Skipping all pictures, please restate word for word the lines from the one that contains "Yes Or No Top: Yes" through the last line of the entries.

Items from a dataset:
------------------------------------------------------------
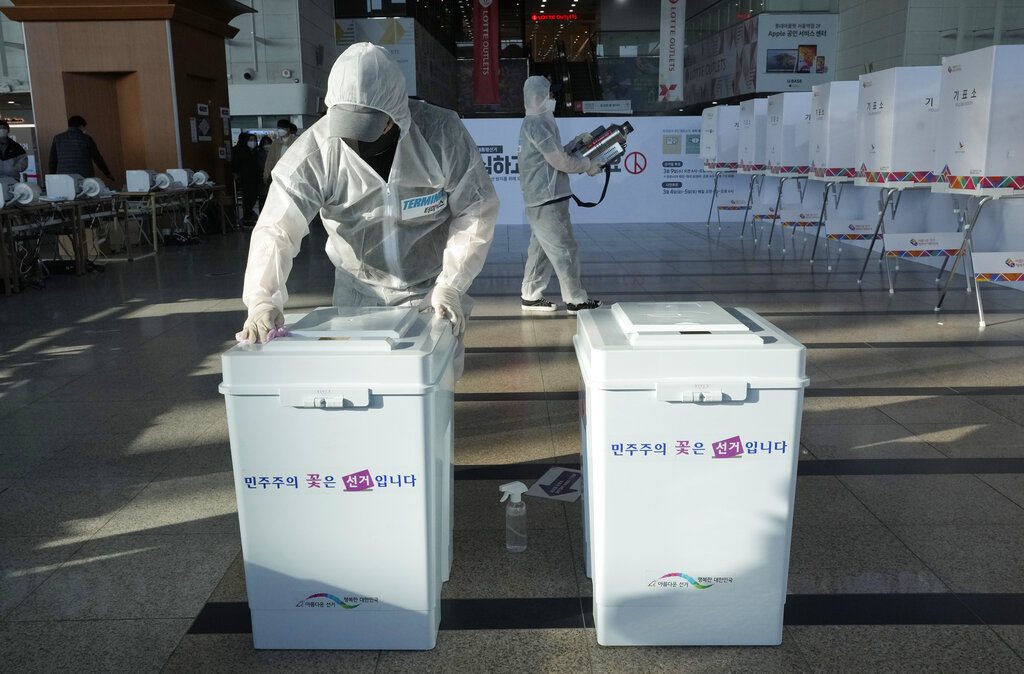 Νότια Κορέα: Τα αποτελέσματα των προεδρικών εκλογών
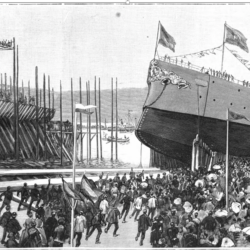 LOS ASTILLEROS DEL NERVIÓN Y LA ARMADA                                    CN, Miguel Angel Garat Ojeda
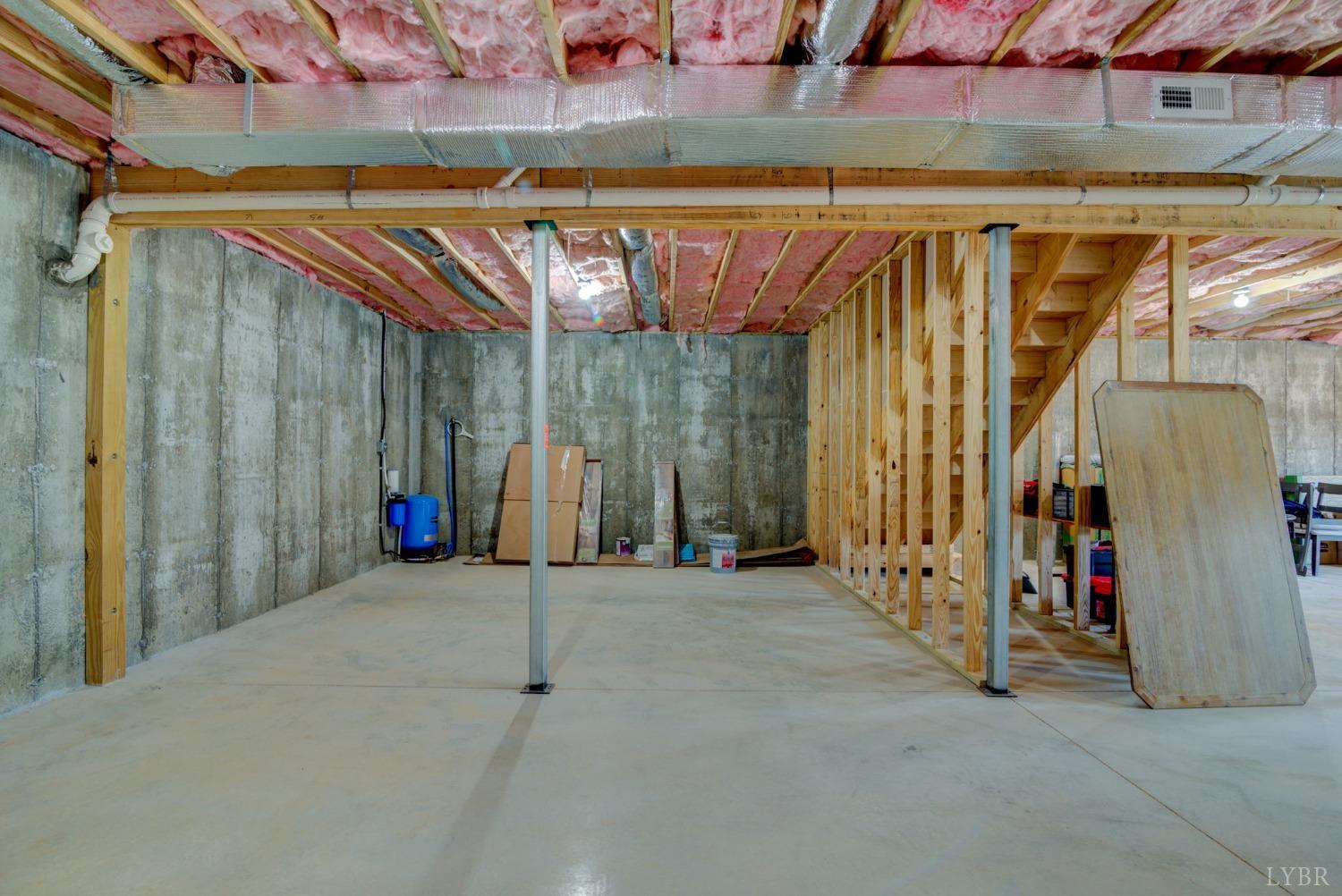 701 Winfall Road Rustburg, VA 24554 - Photo 27 of 38 a view of under construction area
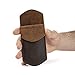 Nabob Leather Rustic Leather Pocket Protector For Pens Pencils Office & Work Essentials Pen Holder Is Handmade (Brown)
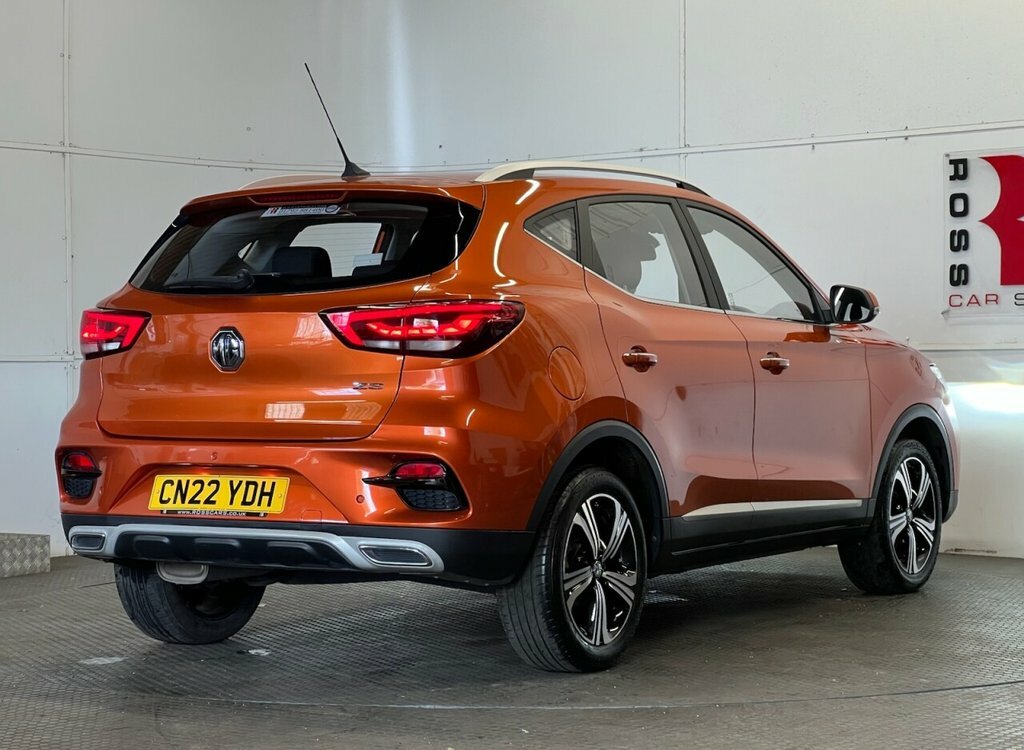 MG ZS 1.5L Excite CN22YDH Orange #3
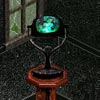 gothic stained glass lamp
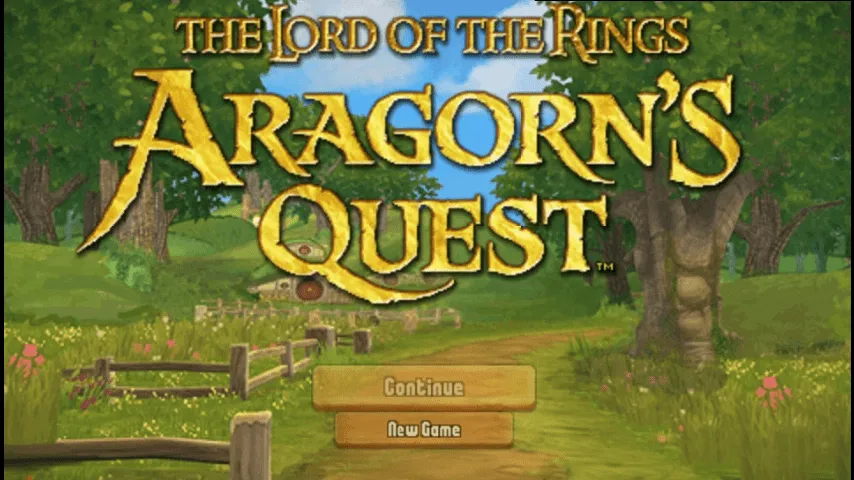 The Lord of the Rings: Aragorn's Quest screenshot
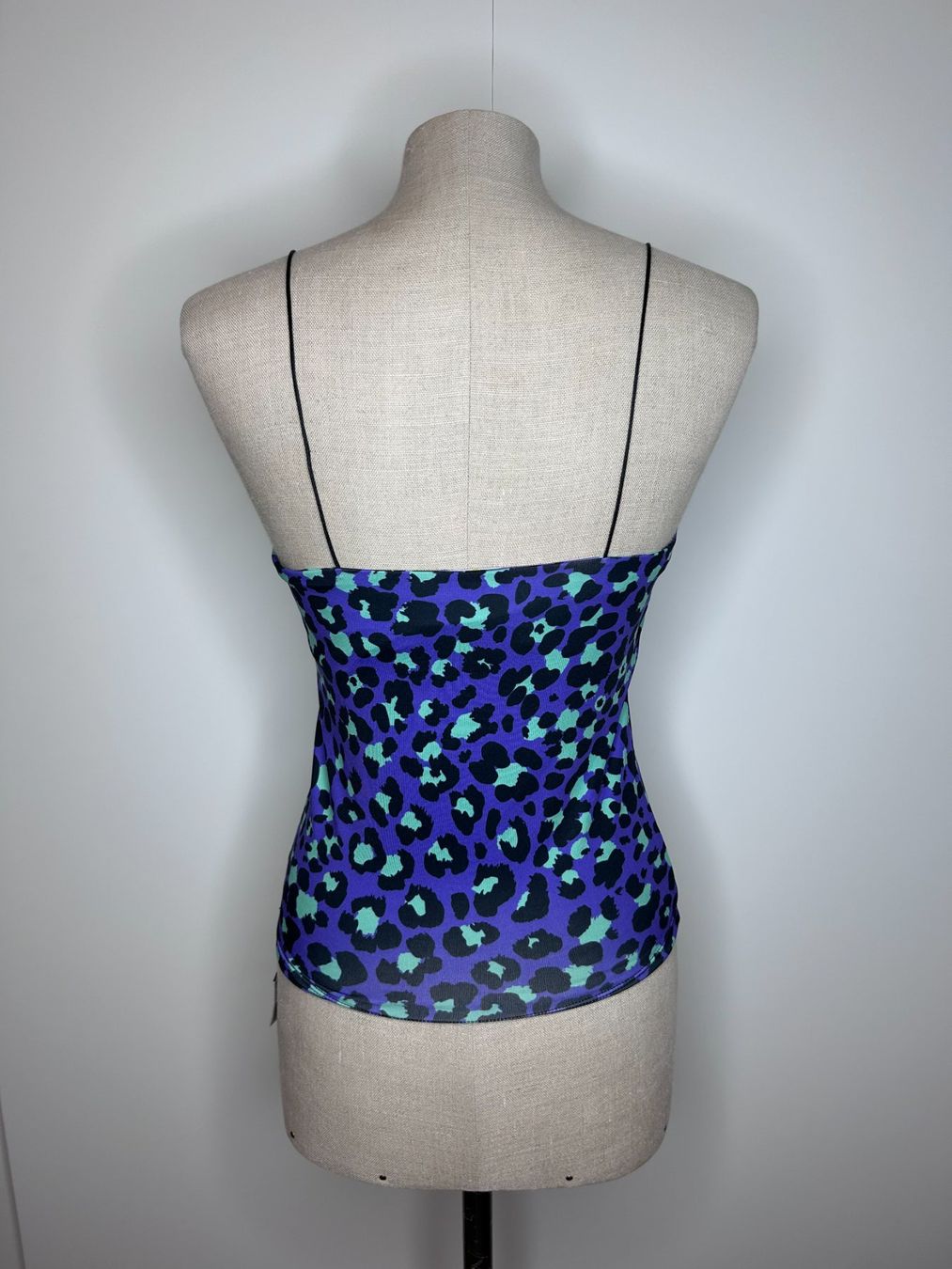 Yes Or No Top: Yes or No by Manor Top with Leopard Print – Usato da St. Gallen venduto da look-twice 2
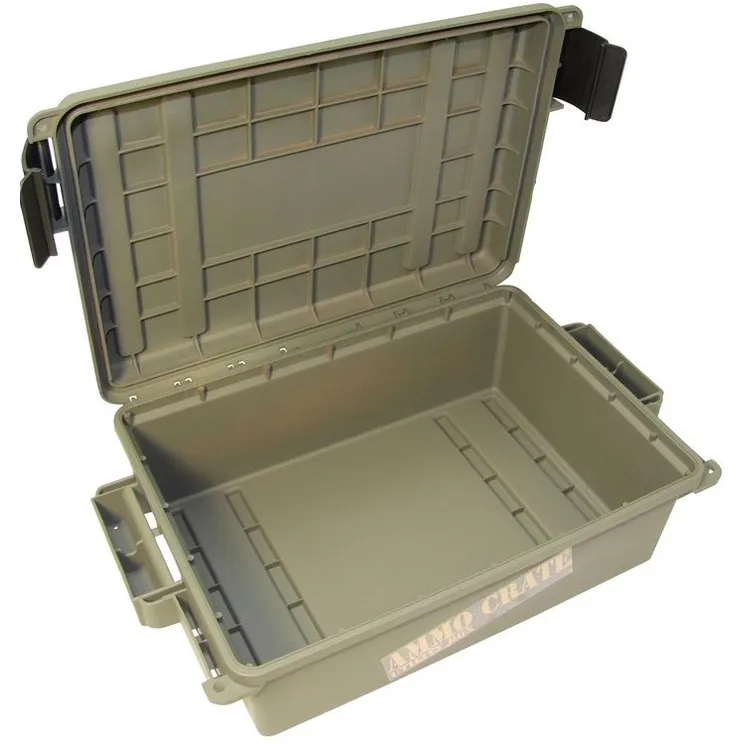 MTM Ammo Kasse Grønn Acr4 Acr4-18, Utv. 44x27x14cm Inv. 33x23x12cm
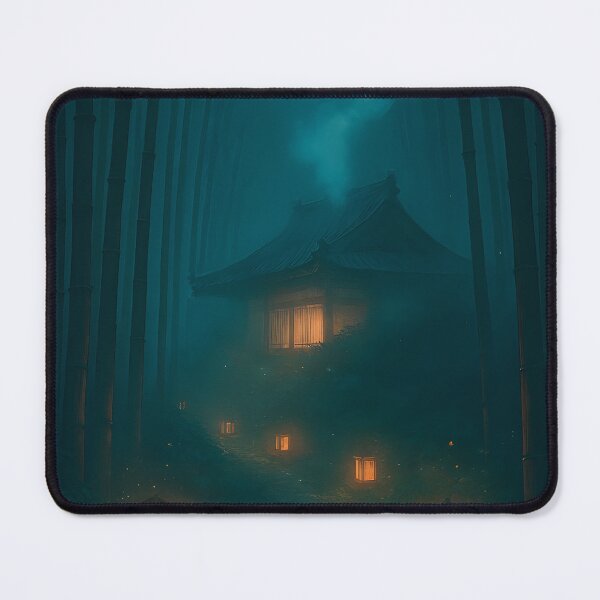 Item preview, Lantern Path to the Hidden Teahouse designed and sold by 27Stickers.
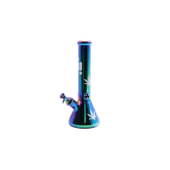 14" Dark Green Sunshine Leaves Beaker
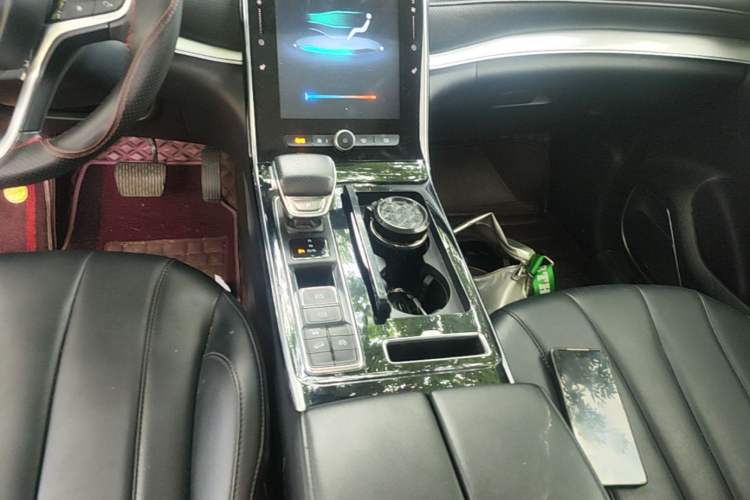 Used Roewe RX5 MAX 2021 Supreme Series 400TGI Automatic Luxury Cabin Edition Gear Lever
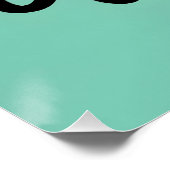 Poster Aimez votre prochain comme vous-même Bible Verse (Coin)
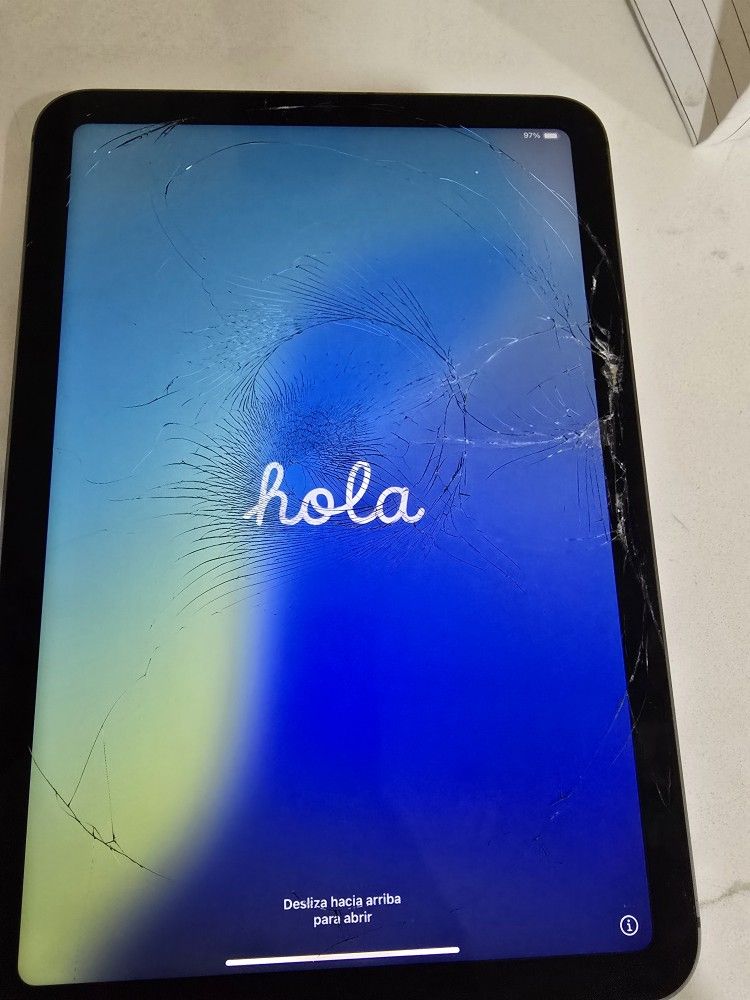 Apple iPad Mini 6 (2021) 8.3" 256GB Space Gray WiFi + Cellular Broken Screen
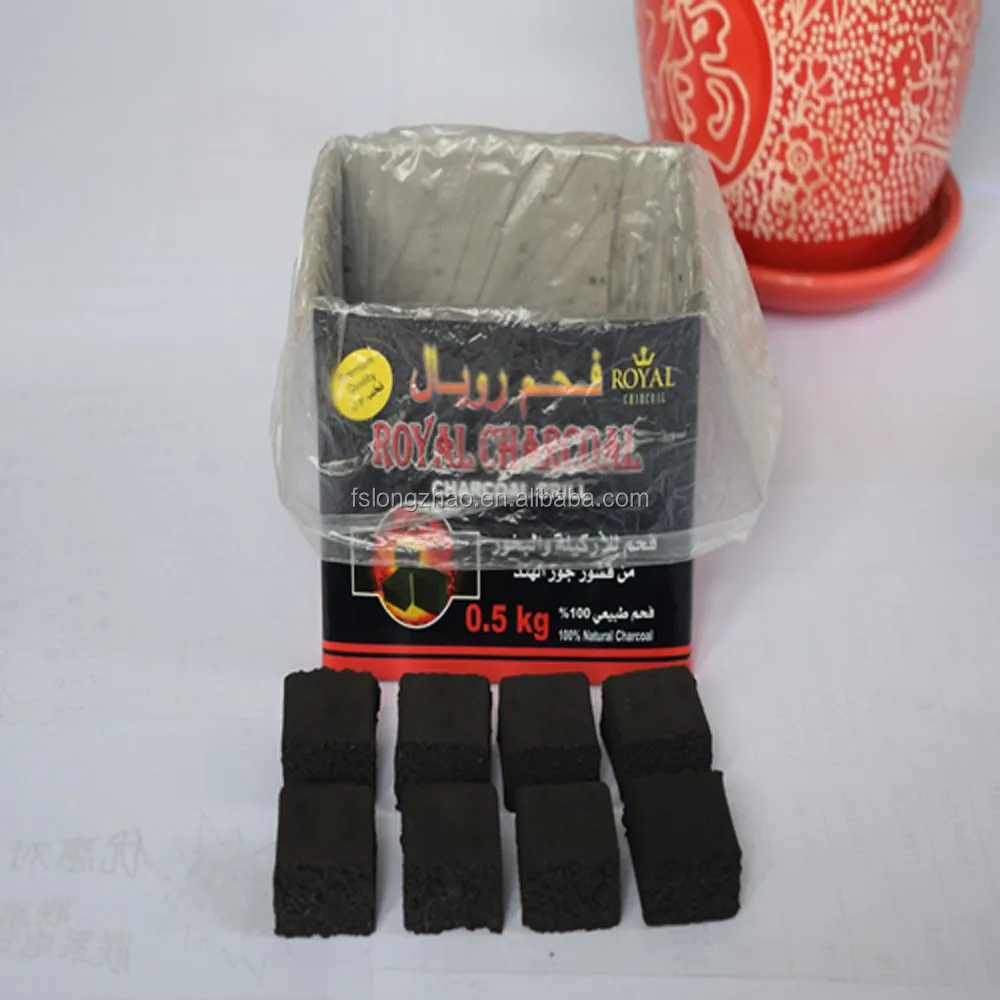 Factory price drectly Shisha Briquette Coconut Charcoal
------------------------------------------------------------
▶ [Answer section]
 Yes Or No Top: Yes or No by Manor Top with Leopard Print – Usato da St. Gallen venduto da look-twice 2
 MTM Ammo Kasse Grønn Acr4 Acr4-18, Utv. 44x27x14cm Inv. 33x23x12cm
 Item preview, Lantern Path to the Hidden Teahouse designed and sold by 27Stickers.
 14" Dark Green Sunshine Leaves Beaker
 Used Roewe RX5 MAX 2021 Supreme Series 400TGI Automatic Luxury Cabin Edition Gear Lever
 Poster Aimez votre prochain comme vous-même Bible Verse (Coin)
 Apple iPad Mini 6 (2021) 8.3" 256GB Space Gray WiFi + Cellular Broken Screen
 Factory price drectly Shisha Briquette Coconut Charcoal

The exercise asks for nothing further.